生活していくうえで欠かせない基本的な動作である食事、入浴、排泄といった行為までもが誰かの手を借りなければ出来ないもどかしさ、そして介助する側にとっての負担は本当に大きいものです。
生活行為向上マネジメントの聞き取り
体が不自由になったときに作業療法士によるリハビリで手足の機能の回復を目指しますが、まずは本人が実際にどんな事ができて、してみたいと思っているか、そしてどんなことに興味があるかを作業聞き取りシートを使って明らかにするのが生活行為向上マネジメントのはじめです。

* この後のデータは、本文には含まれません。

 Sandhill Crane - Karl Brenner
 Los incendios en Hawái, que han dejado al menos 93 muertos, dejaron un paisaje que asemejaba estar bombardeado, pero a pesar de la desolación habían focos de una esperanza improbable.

本人以外に家族の手を借りて実現することも出てきます。自分が出来ること、したいと思うこと、興味のあることなどを、介護が必要だからと言って全てしてもらうのではなく、自分自身でやりたいことを実現するために目標を立てる事で、どうすればその目的を実現できるかということを家族や周りの支援者などの意見を聞きながら計画を決めてゆきます。
そして実際に目標を達成するために作ったプログラムを実行するだけでなく、実行している途中で内容を点検することも行います。どんなことも当初の計画通りに実行することを最優先するのではなく、途中で評価することによって必要なときには内容を見直して修正することも大切です。
生活行為向上マネジメントを実施する目的
介護が必要な状態になったとき、どんな支援が求められているのかを生活行為向上マネジメントによって明らかにするのも目的のひとつです。ただし、利用者本人の希望と、家族などの周囲の援助者の希望とが食い違うことも考えられます。

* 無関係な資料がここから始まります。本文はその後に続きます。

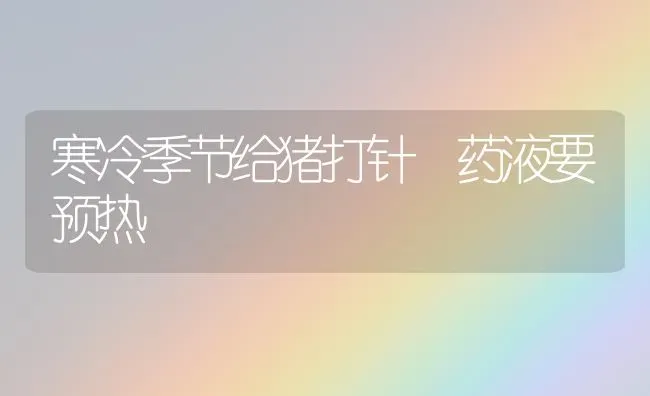 寒冷季节给猪打针 药液要预热 | 养殖病虫害防治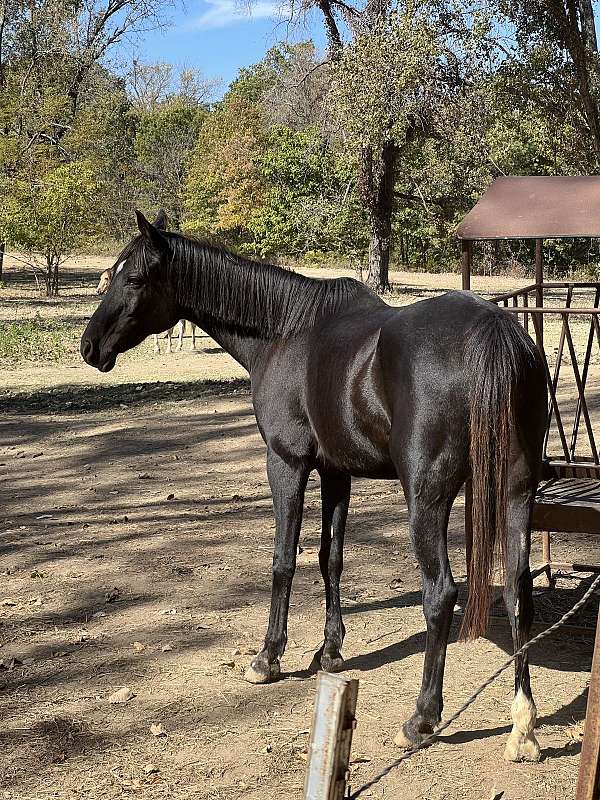 arabian-gelding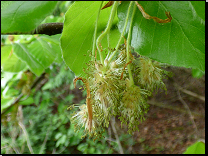 Fagus sylvatica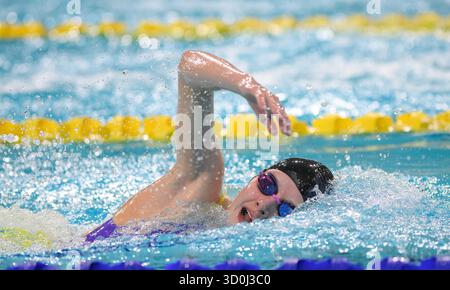 Toronto, Ontario, Canada. 23 octobre 2025. ZOE TOMORY du CANADA nage le 400 m libre féminin pendant les préliminaires de la première journée de la Coupe du monde de natation aquatique 2025 au Centre sportif panaméricain de Toronto. (Crédit image : © Jeff Vogan/ZUMA Press Wire) USAGE ÉDITORIAL SEULEMENT ! Non destiné à UN USAGE commercial ! Banque D'Images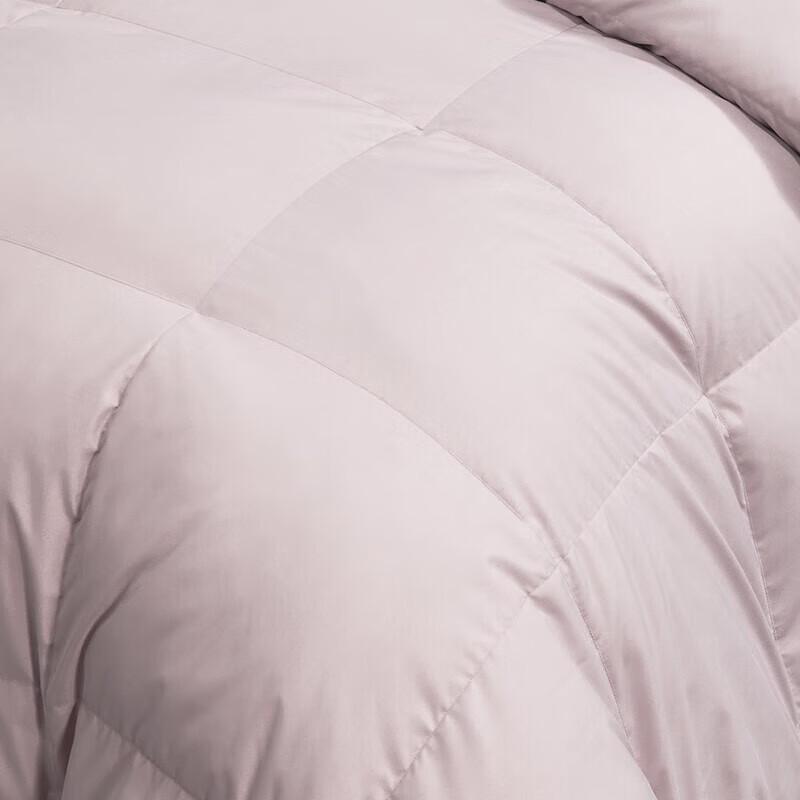 Mercury Home Textiles DH Zhuoyao Goose Down Quilt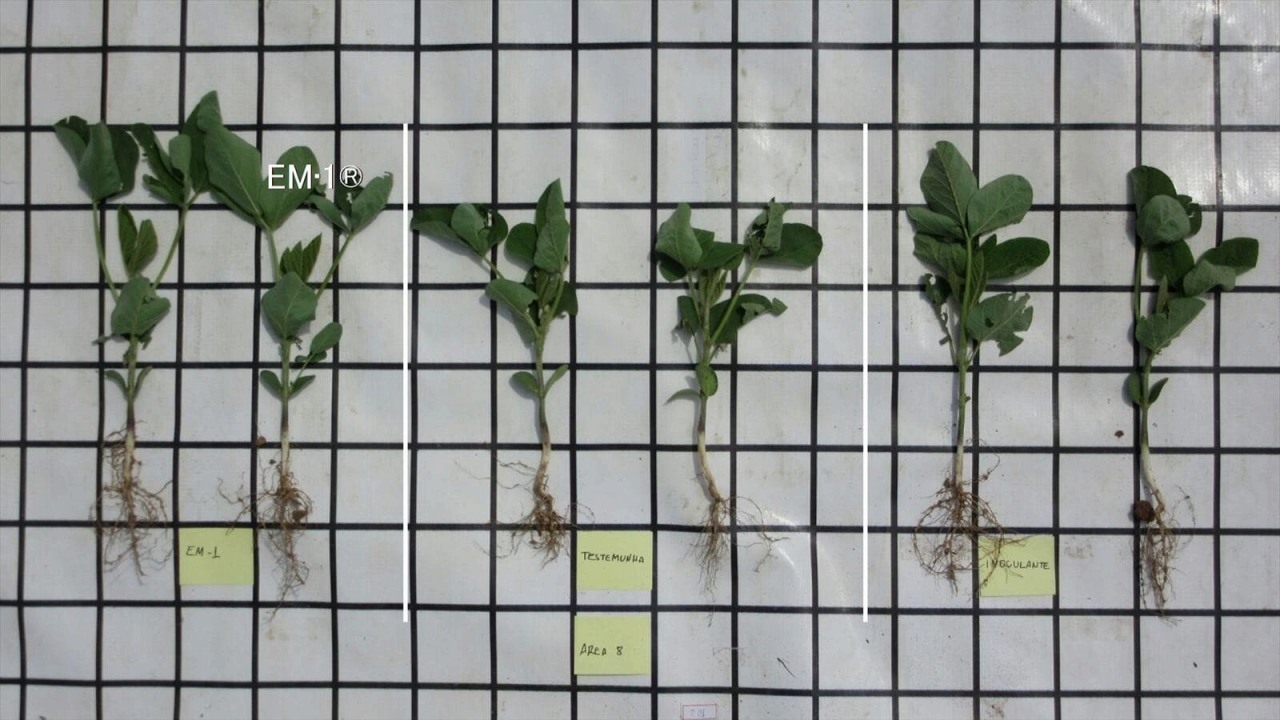 2 seedlings from the left are treated by EM・1. 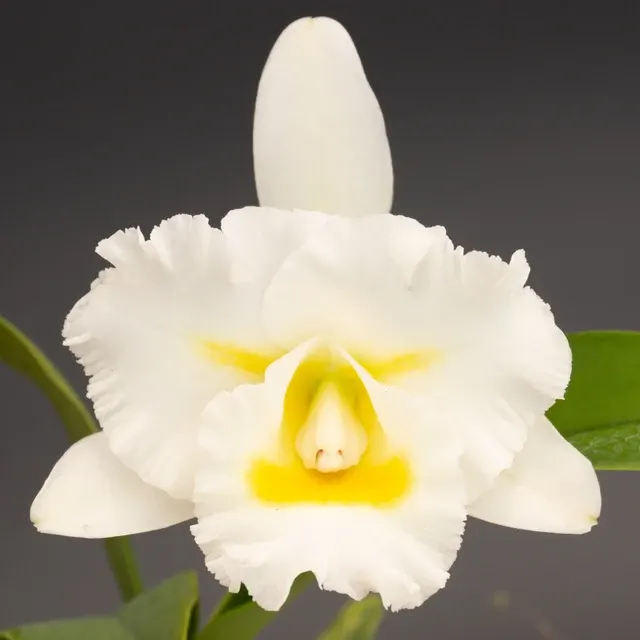 Rhyncholaeliocattleya Island Charm 'OC'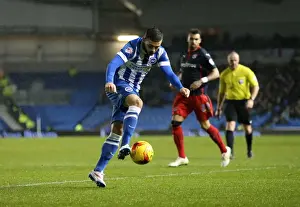 Jake Forster-Caskey in Action: Brighton & Hove Albion vs. Reading, American Express Community Stadium (December 2014)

利用者本人が体の機能を回復させて家に帰ることを目的にしたいと思っても、実際に受け入れる側の家族としては施設への入居を望んでいるということは少なからず起こりえるケースです。
そんなときにそれぞれの思いとニーズを把握し、その人にとって最も良い支援を行うことにつなげてゆくことが、介護の現場で生活行為向上マネジメントをおこなうことのメリットであり、最も大変な部分でもあります。
介護を施設から在宅へと移行する社会的な背景
年を取って介護が必要な状況になったら施設に入居して世話をしてもらう、そういうイメージがあった時代が過ぎ、これからも驚くべき速さで高齢化が進んでゆくことを考えると介護を施設中心から在宅中心に移行してゆこうとする流れは止められないものです。
そのための地域包括ケアのシステムの中のひとつが生活行為向上マネジメントの導入だといえます。作業療法士が生活行為向上マネジメントを実行することで看護師などそれぞれの専門分野のつながりや役割が明確になり、在宅介護で必要とされることがはっきりとわかってくるようになります。
そして生活行為向上マネジメントを実行することで、利用者の生活の質を上げることが最終的な目的です。